Lord: And if you don’t make sure they’re reliable, and they go in a package, that causes other problems because the packages are expensive, and so are the systems. Is it all cost-effective to test 100% on-wafer, or just through DTCO (design technology co-optimization) test and then hope it works in the package. We need more information on the yield of this the chips before we can make a decision.
van de Geijn: It also depends the application. You want to have higher reliability if it’s not so easy to replace.
Brousard: One of the benefits of UCT, meaning that you are reading out data from the chip itself, is the ability to correlate what you expected from the models to the de facto or parametric results. If you have UCT embedded in each chip you can practically correlate the expected performance from the models from emulating the pre-silicon models to the post-silicon results —and you have actionable insight to go back and see where the gaps are.
SE: We’ve got different markets and different locations that these chips will be used in, and it’s likely they won’t all be added in at the same time. Repeaters on walls that are exposed to heat and cold will be replaced at different times. So do we have to worry about reliability of each element, or do we have to think of the reliability of all of these components in aggregate as a complete system?
Hall: I can foresee a situation, particularly in millimeter wave, where we’re not going to get the system-level performance because of other factors that are unrelated to the chip design itself. It seems like there’s a tremendous amount of value in being able to correlate device behavior, and device-to-device behavior, to help identify if it’s a device failure or if it’s a network failure.

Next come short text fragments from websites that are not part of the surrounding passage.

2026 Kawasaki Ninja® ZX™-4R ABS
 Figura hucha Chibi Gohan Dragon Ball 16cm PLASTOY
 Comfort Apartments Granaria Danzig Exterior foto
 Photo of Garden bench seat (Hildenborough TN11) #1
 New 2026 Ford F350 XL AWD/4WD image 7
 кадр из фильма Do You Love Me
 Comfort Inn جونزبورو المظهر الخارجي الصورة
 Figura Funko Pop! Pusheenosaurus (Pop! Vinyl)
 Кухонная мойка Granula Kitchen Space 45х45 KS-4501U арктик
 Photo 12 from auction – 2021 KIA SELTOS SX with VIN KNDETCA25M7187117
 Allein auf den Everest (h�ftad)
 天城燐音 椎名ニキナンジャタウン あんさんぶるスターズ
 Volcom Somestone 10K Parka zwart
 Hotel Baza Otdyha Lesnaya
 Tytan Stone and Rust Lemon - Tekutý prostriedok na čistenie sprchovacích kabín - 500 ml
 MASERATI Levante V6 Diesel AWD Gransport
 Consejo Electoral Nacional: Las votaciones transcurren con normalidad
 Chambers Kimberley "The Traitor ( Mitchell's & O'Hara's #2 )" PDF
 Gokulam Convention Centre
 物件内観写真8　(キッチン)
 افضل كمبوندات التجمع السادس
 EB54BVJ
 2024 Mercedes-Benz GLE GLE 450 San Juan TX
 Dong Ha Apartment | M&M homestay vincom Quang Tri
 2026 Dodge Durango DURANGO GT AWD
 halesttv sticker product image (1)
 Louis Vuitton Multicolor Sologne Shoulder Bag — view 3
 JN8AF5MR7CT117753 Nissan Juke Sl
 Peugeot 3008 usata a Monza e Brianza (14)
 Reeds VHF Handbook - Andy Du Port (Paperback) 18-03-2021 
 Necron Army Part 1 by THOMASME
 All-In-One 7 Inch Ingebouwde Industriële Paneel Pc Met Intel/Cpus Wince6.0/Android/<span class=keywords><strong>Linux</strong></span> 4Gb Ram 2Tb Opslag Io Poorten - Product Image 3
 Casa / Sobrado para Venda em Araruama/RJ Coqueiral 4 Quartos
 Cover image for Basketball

Brousard: Part of the reason for embedding UCT into chips is not limited to understanding how the chip itself is behaving, but also how the chip as part of a system. You need to know what is happening on the system level and how that affects the chip and vice versa. These miniature monitors sense how the system affects the chip, be it voltage, temperature, or workload. If you have two systems at the same temperature, same deployment, same batch, but one of them is being significantly overstressed 24/7 while the other is off most of the time, relevant parametric readouts will be indicative of the rate of failure, which will be highly correlated to the usage of the of the chip itself. We try to look at this at the system level. We use the chip as a “system-sensor”, and we see the effects of the environmental conditions or real-world applications on it.